2009-06-24 Thread Stefan Schoenleitner
Hi,

I have a speech codec chip which uses SPI for high-speed PCM data and
UART for control/compressed speech packet transfer.
While I could write a userland device driver that just uses the ttySn
serial device, I would prefer to do that in kernel space since this is
where device drivers belong.
This way a device could be created where compressed speech packets can
be read and written.
Possible device setup functions could be done with IOCTLs.

Now what is the best way to implement this ?
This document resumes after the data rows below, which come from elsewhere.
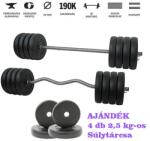 GazoFitness GazoFitness® Kétkezes Súlyzócsomag 89 Kg (ajándék 4 db 2, 5 kg-os súlytárcsa)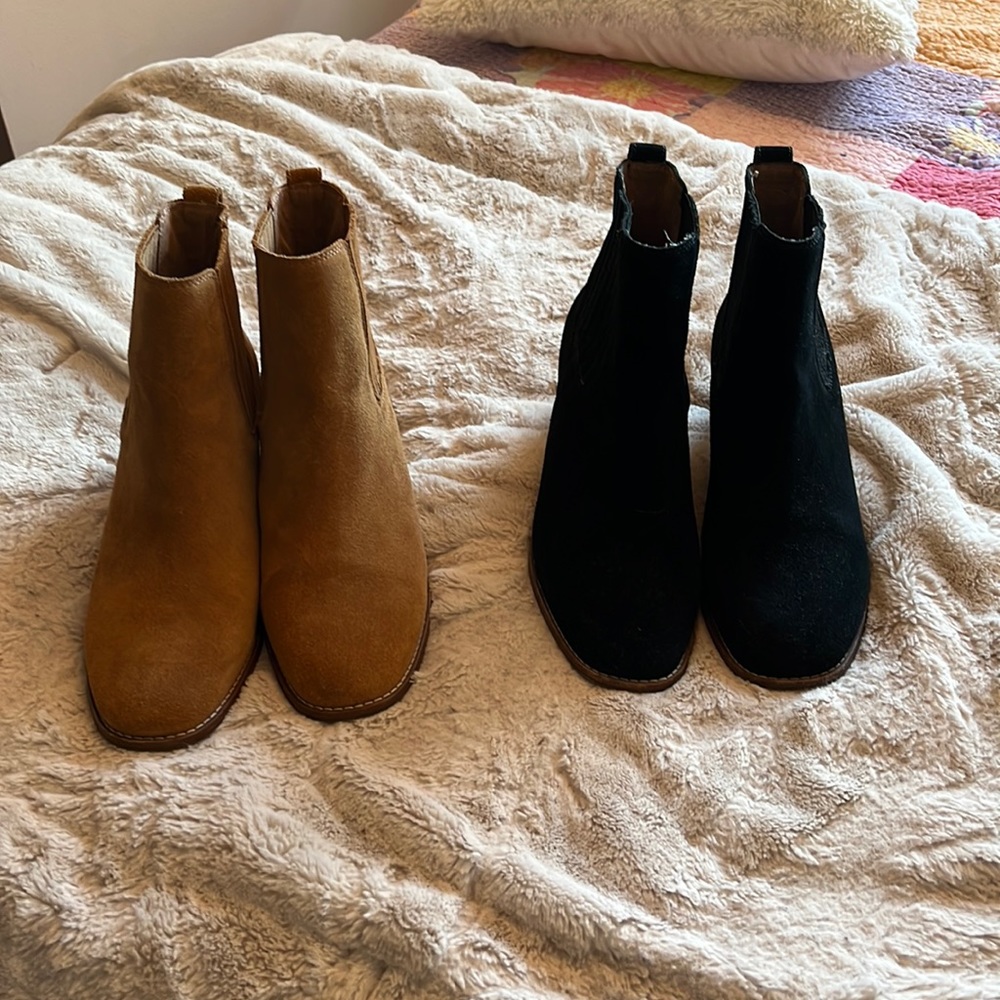 Madewell Booties.   only tan left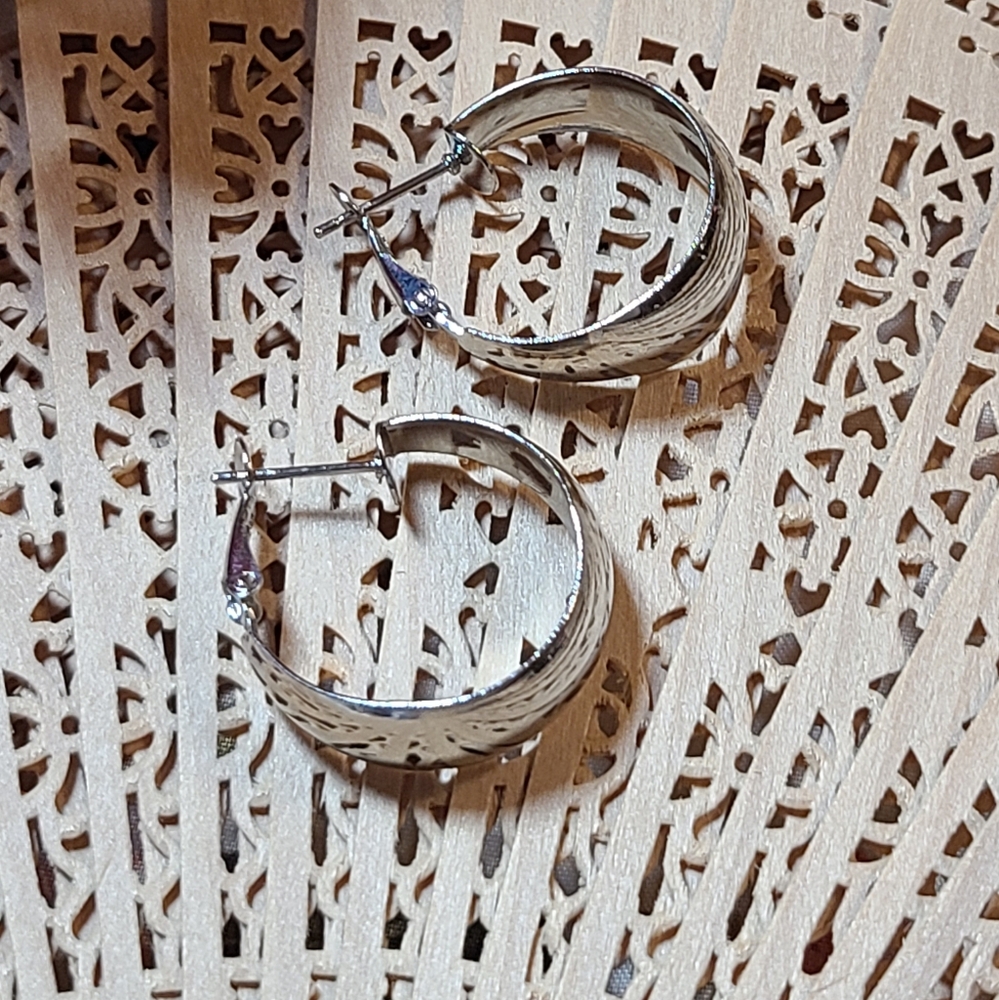 Silver Hoop Earrings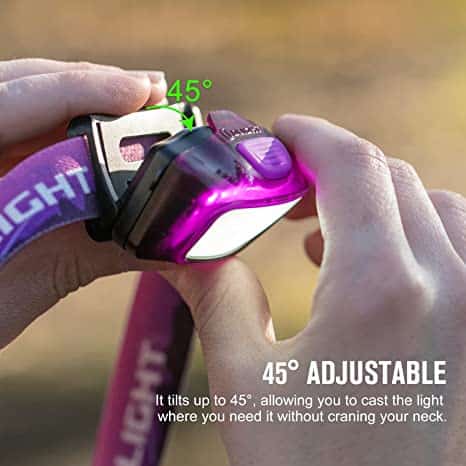 Olight H05 Lite LED Headlamp, 5 Modes Lightweight Head Lamp for Head with Adjustable Headband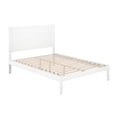 thumbnail image 1 of AFI NoHo Lit Plateforme en Bois Massif Simple TG, Blanc, 1 of 13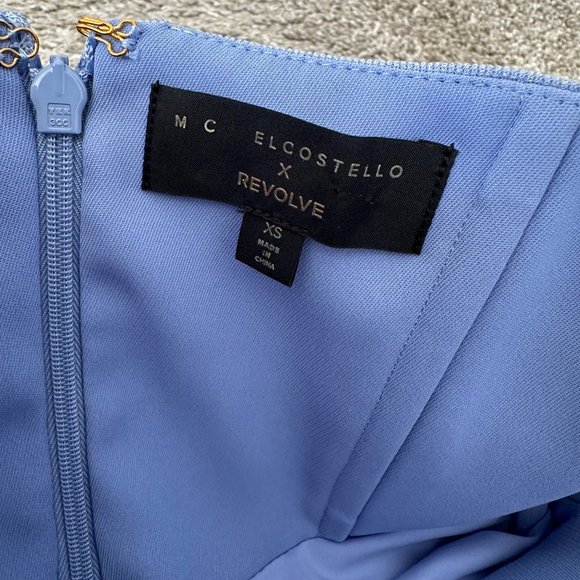 Revolve Michael Costello India Midi Dress XS Periwinkle - Picture 5 of 5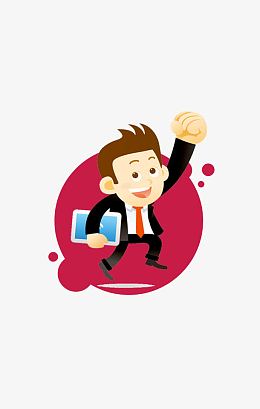 准备尽力拼搏的销售经理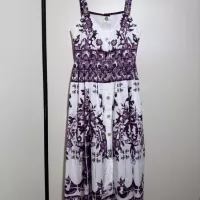 Cheap Dolce &amp; Gabbana Dresses Sleeveless For Women #1351229 Replica Wholesale [$108.00 USD] [ITEM#1351229] on Replica Dolce &amp; Gabbana Dresses
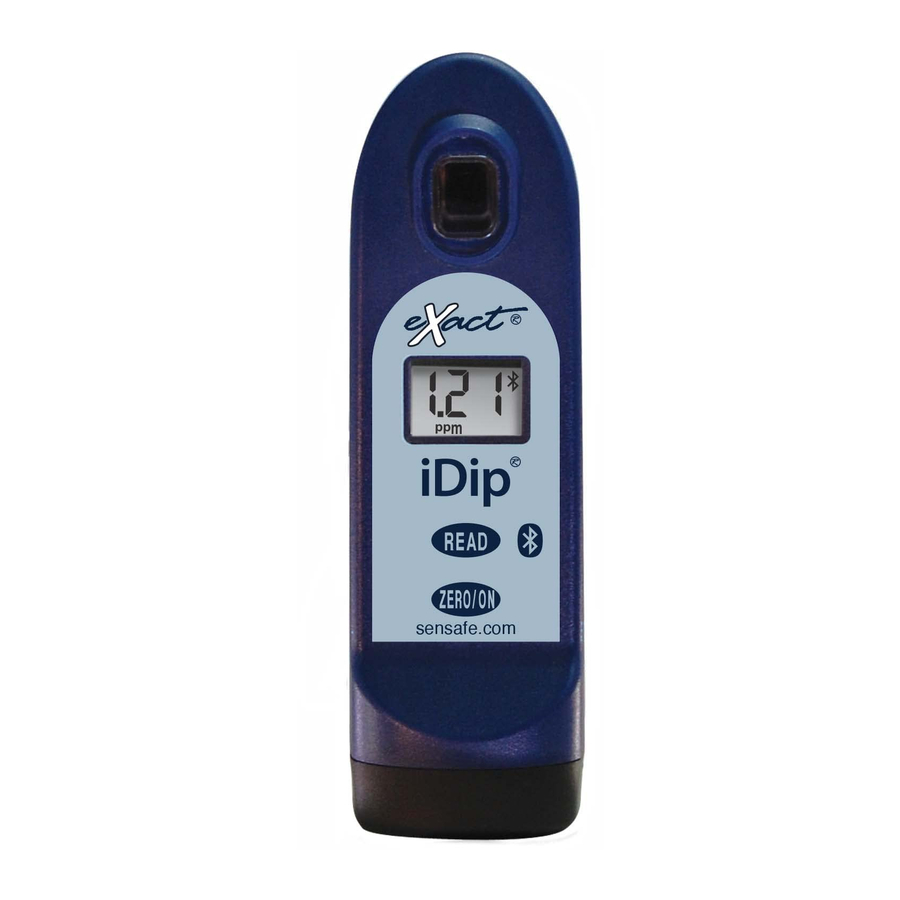 Industrial Test Systems exact iDip Quick Start Manual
There is the linux/drivers/char/atmel_serial.c driver which I could
modify, so that it also includes the driver code for the speech codec.
However, obviously that would be a really bad idea since it would
duplicate code and completely bypass the linux serial port abstraction
layer.

It would be better to somehow write a speech codec driver that depends
on the UART driver.
Thus on the speech codec serial port no ttySn device should be created
by the UART driver, but instead the speech codec driver should create
the device (e.g. /dev/speechcodec0).
Since the speech codec driver should only do speech codec specific
tasks, it should use the UART driver to send and receive data over the
serial port.

I suppose this it is a common problem that higher level kernel driver
code would like to use lower level driver code.
For example there is the GPIO driver which enables high level kernel
code to use GPIO pins.
It's the same for other communication interfaces like I2C or SPI.
However, these drivers usually do not create a device, but they rather
export kernel symbols which can then be used by higher level kernel code.
Unfortunately, it doesn't seem like the relevant serial port function
symbols are exported ?

On mach-at91 it seems like the UART can be registered by calling the
relevant setup function in
linux/arch/arm/mach-at91/at91sam9260_devices.c which is
at91_register_uart().
However, once I register an uart port, also a ttySn device is created
(which I do not want).

By looking at linux/documentation/serial/driver it seems like bypassing
linux/drivers/serial/serial_core.c seems to be the right way since the
low level linux/drivers/serial/atmel_serial.c already provides the
necessary UART ops in struct uart_ops.
However, these uart_ops are not exported, so I don't know how to access
them.

Is this the right way to go ?
How could I use the low level driver but bypass serial_core ?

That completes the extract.